Nima Noorshams, Saurabh Verma, and Aude Hofleitner are Research Scientists at Facebook working within Core Data Science, a research and development team focused on improving Facebook’s processes, infrastructure, and products.
What we did: Sequence modeling for integrity
Billions of people rely on Facebook products and services to connect with family and friends, build new communities, share experiences, and run their businesses. However, the rise of inauthentic accounts and activities as well as disparaging and threatening content on social media has introduced several integrity challenges. Needless to say, maintaining the integrity of such a large and growing network in a fast and scalable manner is of utmost importance for the safety and security of the online community.
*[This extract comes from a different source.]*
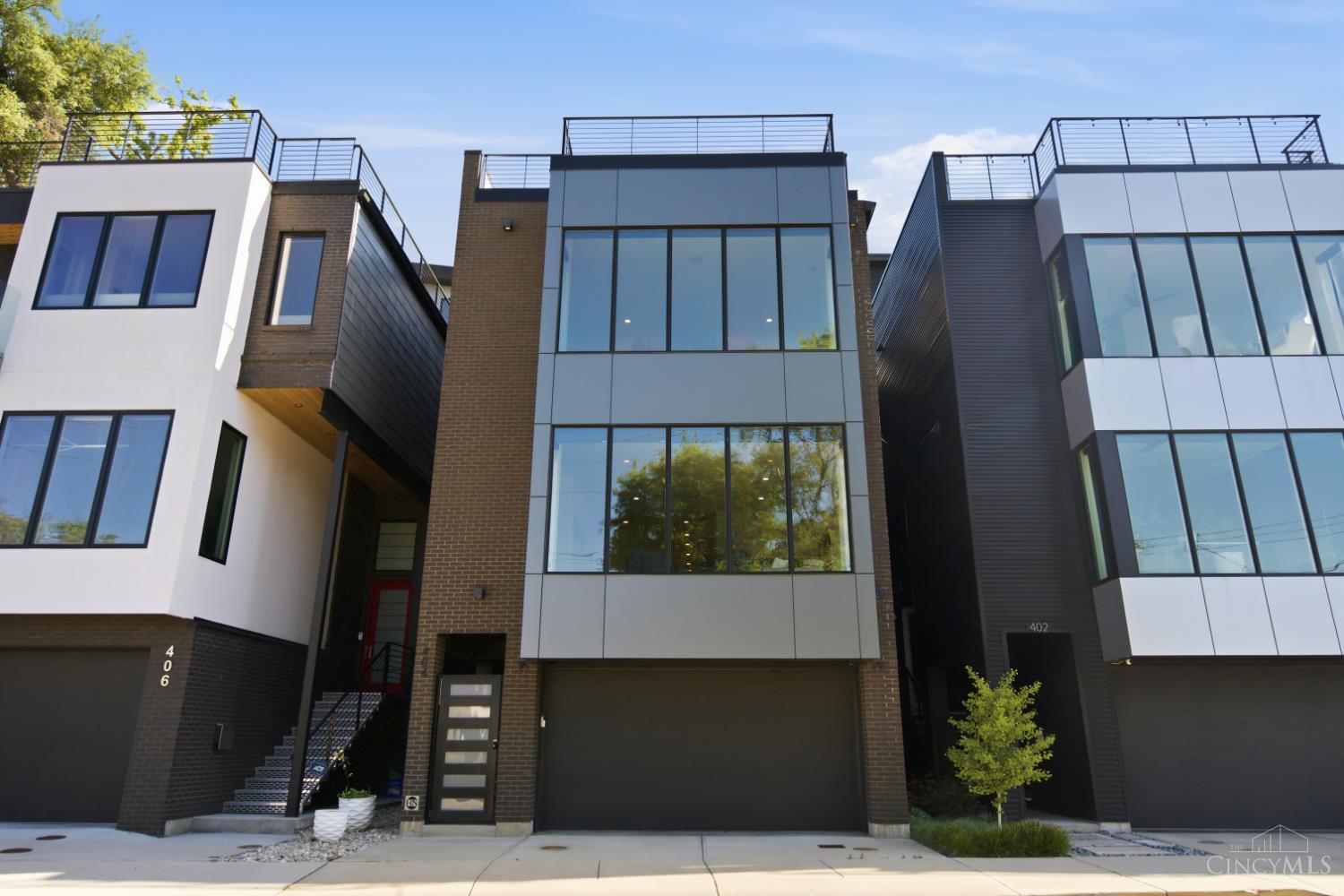 404 Baum Street, Cincinnati, OH, 45202 — photo 36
Entities on the platform, such as accounts, posts, pages, and groups, are not static. They interact with one another over time, which can reveal a lot about their nature. For instance, fake accounts and misinformation posts elicit different types of reactions from other accounts than do normal/benign accounts and posts (see Figure 1). In the paper “TIES: Temporal Interaction Embeddings for enhancing social media integrity at Facebook,” we focus on the problem of leveraging these interactions in order to enhance the integrity of the platform.
In short, TIES is a deep learning, application-agnostic, scalable framework for embedding sequences of entity interactions. It encodes not only the sequence of actions but also various features of sources and targets of the interactions. The embedding vectors can then be used for various integrity applications, such as detecting fake accounts, identifying misinformation or hate speech, detecting high-risk ad accounts, and many others.
How we did it: Combining graph representations and sequence learning
Past studies have mainly focused on either static or dynamic behaviors of the networks, but not both at the same time. In contrast, the core of TIES consist of two embeddings:
- Graph-based embedding, which captures the static (or slow-changing) information encoded in the large social graph.
- Sequence-based embedding, which captures the more dynamic actions.
Prior knowledge, such as friending and group or page memberships, are captured in the social graph. Large-scale embedding algorithms, such as PyTorch-BigGraph, can be used to encode graph information. These graph-based embeddings are then used to initialize the sequence encoder piece of the framework. Figure 2 illustrates the model architecture.
We first convert the sequence of triplets (source, target, action) into feature vectors. These vectors consist of trainable action embeddings, pretrained source and target embeddings (which are produced by PyTorch-BigGraph), as well as miscellaneous features such as time-gap between the actions. The features are then fed into a sequence encoder, which consists of a seq2seq encoding layer, self-attention, and pooling layer. The model parameters are trained by minimizing a loss function over a labeled data set, thus creating supervised embeddings.
TIES applications at Facebook
We have tested this framework on several applications, including detecting misinformation, detecting fake accounts and engagements, and identifying high-risk ad accounts. Different types of actions and features were used for each application. For instance, in detecting misinformation, we used sequences of user actions on posts, such as likes, comments, shares, and so on.
In all the aforementioned applications, we used a portion of the training samples (up to millions of samples) for training the TIES model and then passed that as an additional feature to baseline models (generally complicated models consisting of several hundred carefully engineered features and/or deep learning frameworks that were already deployed into production). In all instances, we observed uniform and statistically significant gains over existing baselines that can contribute to enhancing the integrity of our platform, and TIES features have been deployed into production since.